**DESCRIPTION OF THE TASK**:
Your answer must be the lines from the one containing "Sau quy hoạch" through the last line below, copied exactly, with no pictures.

**AVAILABLE DATA**:
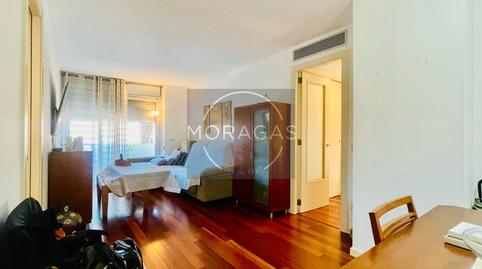 Foto 4 de Piso en venta en Carrer de L'enginyer, Centre, Barcelona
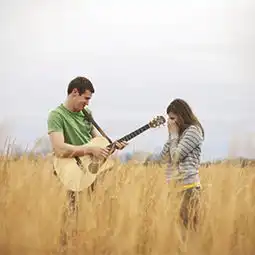 聪明女人和愚蠢女人的区别11点做事差距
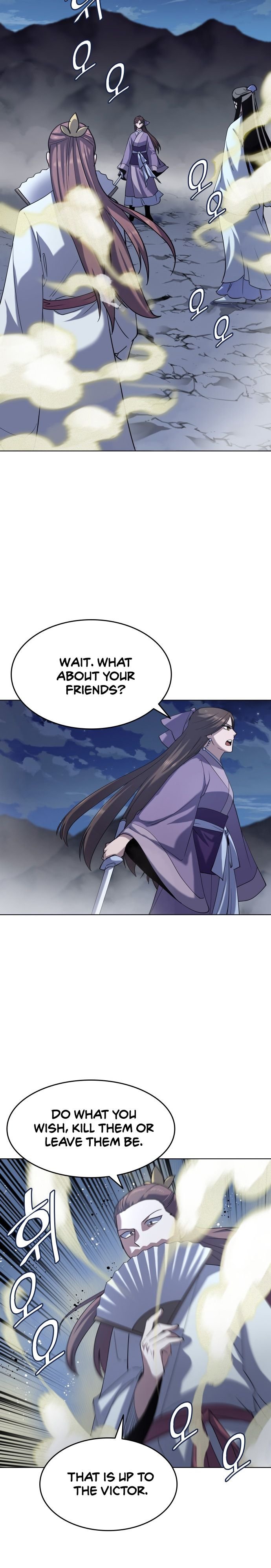 Page 15 of Chapter 21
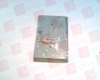 Plug/Receptacle - 16513284 - Radwell International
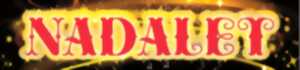 NADALET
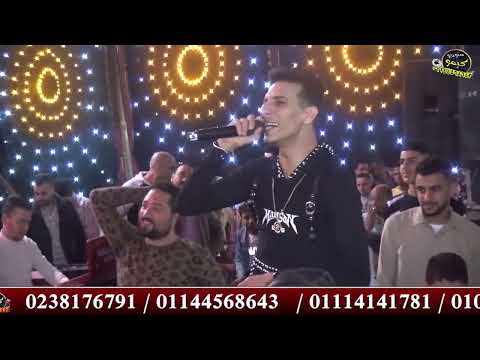 كلها ابطال النجم وليد الصغير فرحة رمضان عيد الاطيوني 3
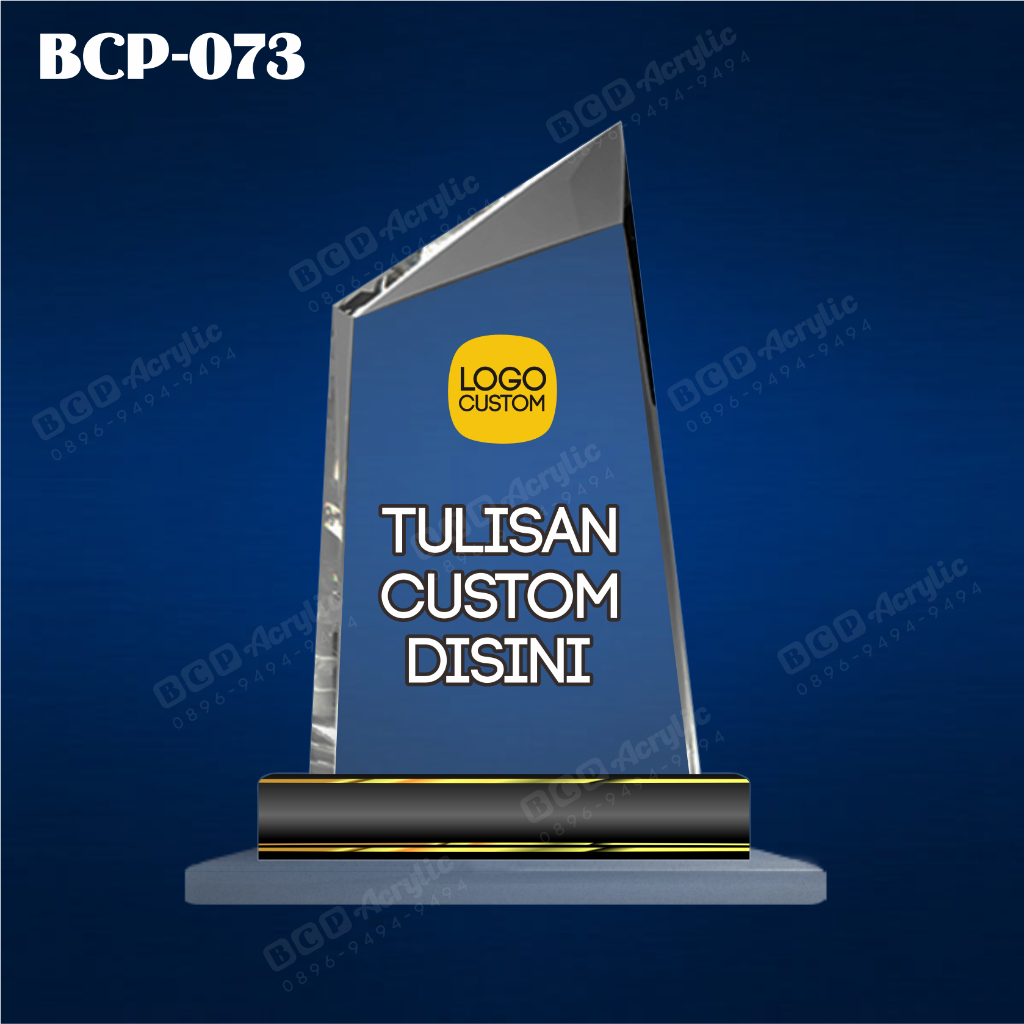 PLAKAT, PLAKAT AKRILIK, PLAKAT ACRYLIC, PLAKAT CUSTOM, PLAKAT MURAH, PLAKAT AKRILIK CUSTOM, PLAKAT A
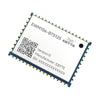 EWM104-BT5125(DAC) Qualcomm QCC5125 BLE5.1 Audio Module Support CVC noise reduction technology APT-X LL Low Latency Transmission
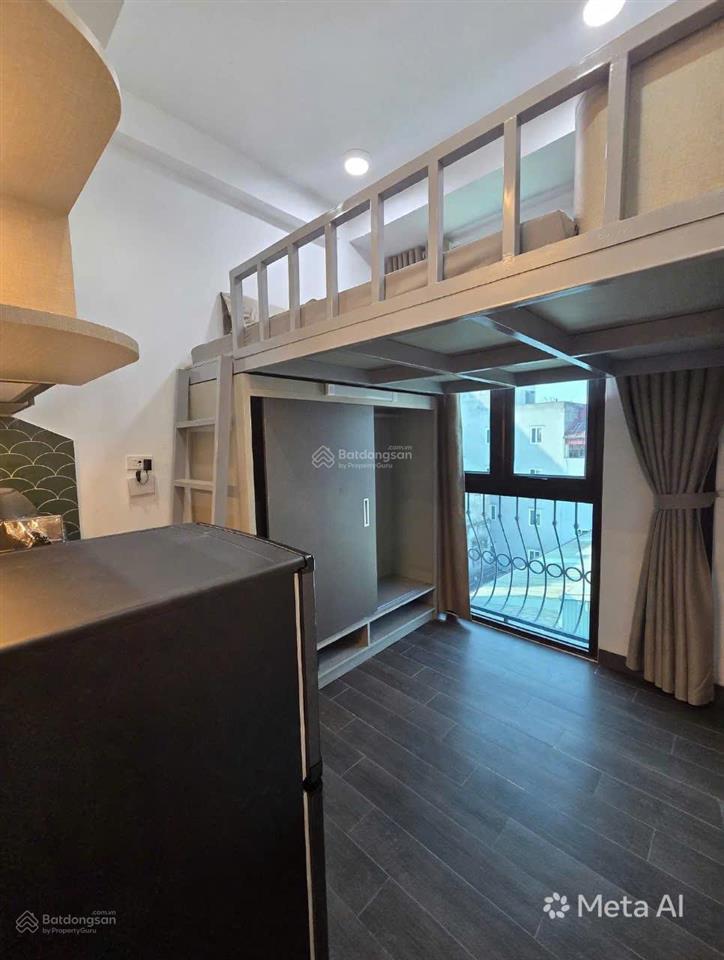 Sau quy hoạch ra mặt phố tòa chdv cầu diễn 50m, 6t mt 5,5m chỉ 13,9 tỷ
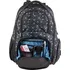 Školní batoh Bagmaster Orion 42 × 32 × 17 cm
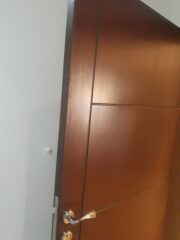 718de32c-c8f3-48c5-9c1d-2dc0a71f4720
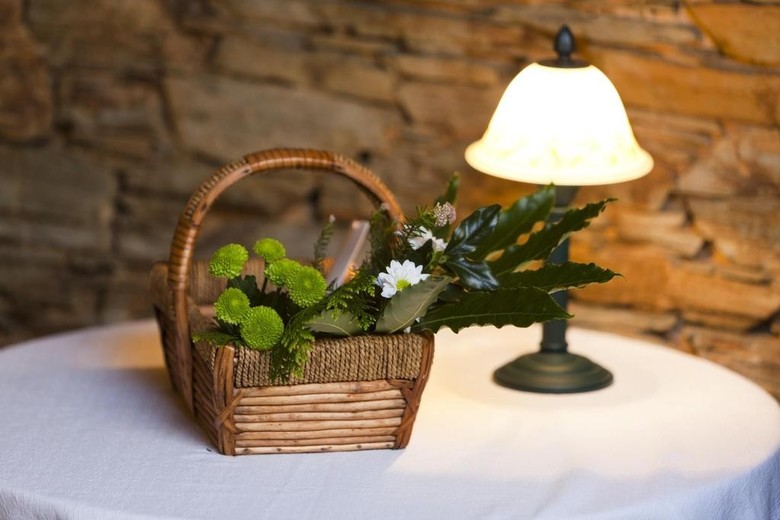 Agroturismo Finca Goleta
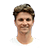 kecmanovic.png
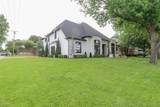 2503 Birmingham Avenue - Photo 2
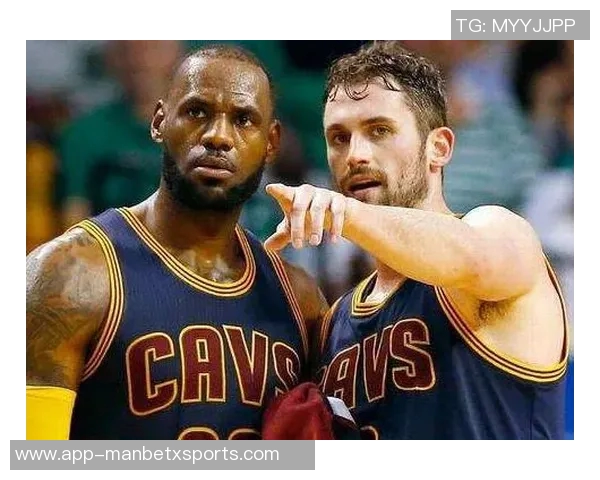 奥科吉畅谈防守乐趣如同孩子进入糖果店般愉悦体验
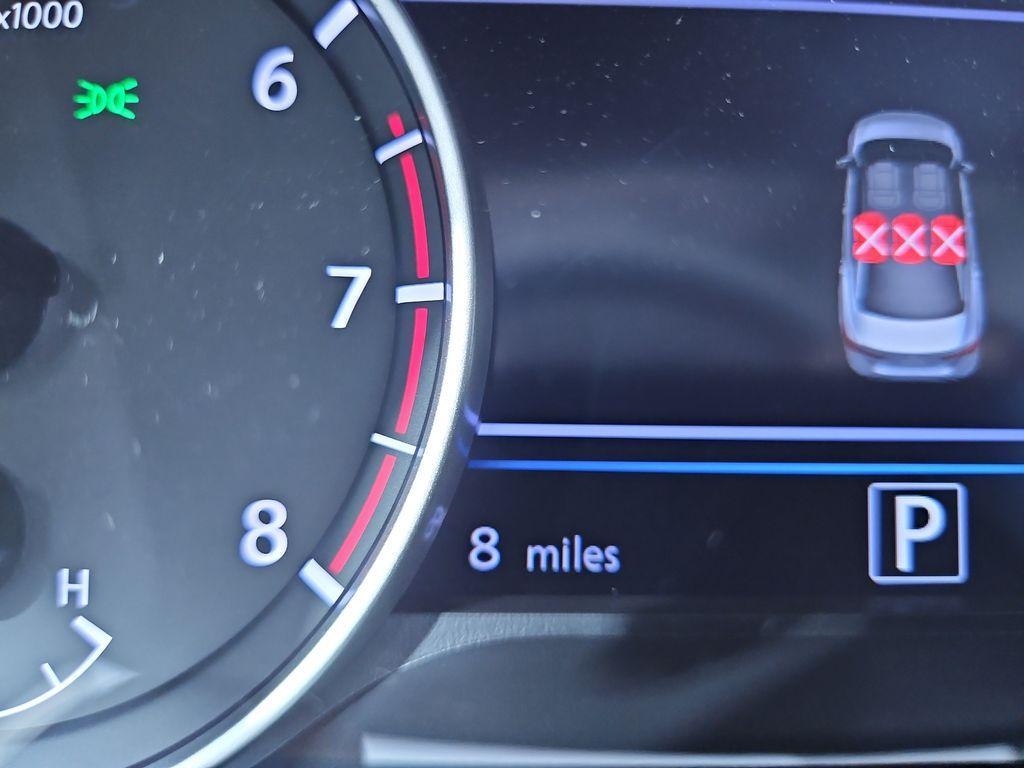 new 2025 Nissan Sentra car, priced at $22,545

**WRITTEN SOLUTION**:
 Sau quy hoạch ra mặt phố tòa chdv cầu diễn 50m, 6t mt 5,5m chỉ 13,9 tỷ
 Školní batoh Bagmaster Orion 42 × 32 × 17 cm
 718de32c-c8f3-48c5-9c1d-2dc0a71f4720
 Agroturismo Finca Goleta
 kecmanovic.png
 2503 Birmingham Avenue - Photo 2
 奥科吉畅谈防守乐趣如同孩子进入糖果店般愉悦体验
 new 2025 Nissan Sentra car, priced at $22,545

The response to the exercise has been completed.